• Tidak ada hasil yang ditemukan

Industri memiliki peran yang sangat besar terutama dalam rangka transformasi struktur perekonomian dan dominasi sektor pertanian ke industri adalah merupakan bagian dari pembangunan berkelanjutan yang mengacu pada keberlanjutan aktivitas manusia dan pemanfaatan sumberdaya.
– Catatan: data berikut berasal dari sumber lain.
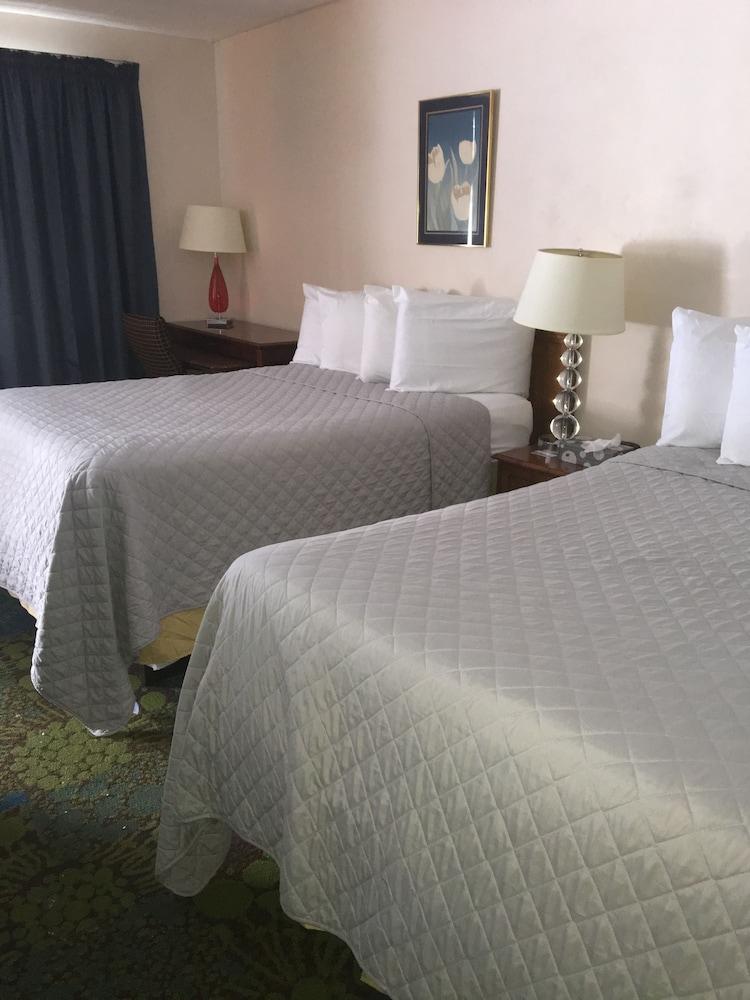 Anchor Motel photo 36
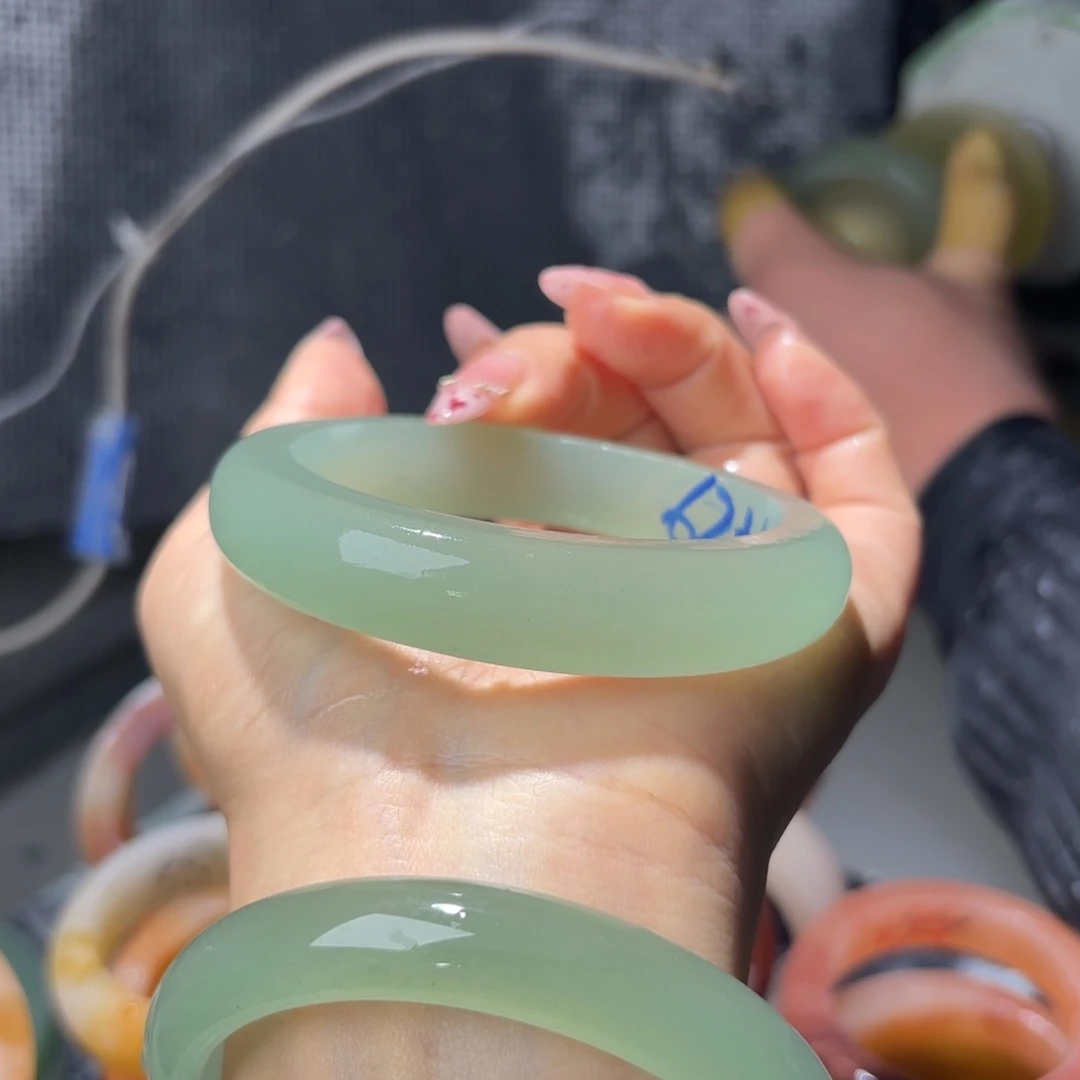 颜***涵石英质玉未镶嵌手镯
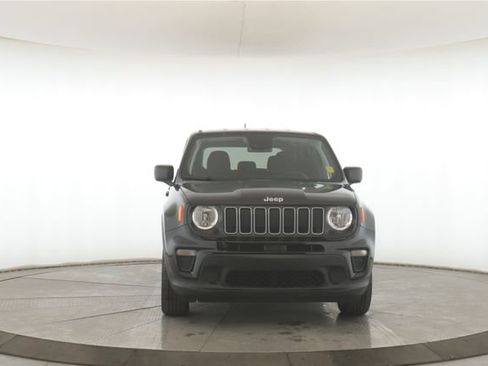Used 2023 Jeep Renegade Latitude AWD/4WD image 12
Menurut WCED (Munasinghe, 1993) dalam rangka memenuhi kebutuhan masyarakat dengan memperhatikan kemampuan generasi mendatang dan memperhatikan kebutuhannya dapatlah dikatakan bahwa konsep ini adalah konsep pembangunan berkelanjutan. Konsep ini mencakup tiga perspektif utama yaitu ekonomi, sosial dan lingkungan. Ekonomi mengarah pada peningkatan kesejahteraan manusia terutama peningkatan konsumsi barang dan jasa. Domain lingkungan memfokuskan pada perlindungan dari integritas dan daya lenting sistem ekologis. Domain sosial menekankan pada pengayaan hubungan antara manusia, pencapaian aspirasi kelompok dan individu serta memperkuat institusi dan nilai-nilai sosial (Munasinghe, 2010).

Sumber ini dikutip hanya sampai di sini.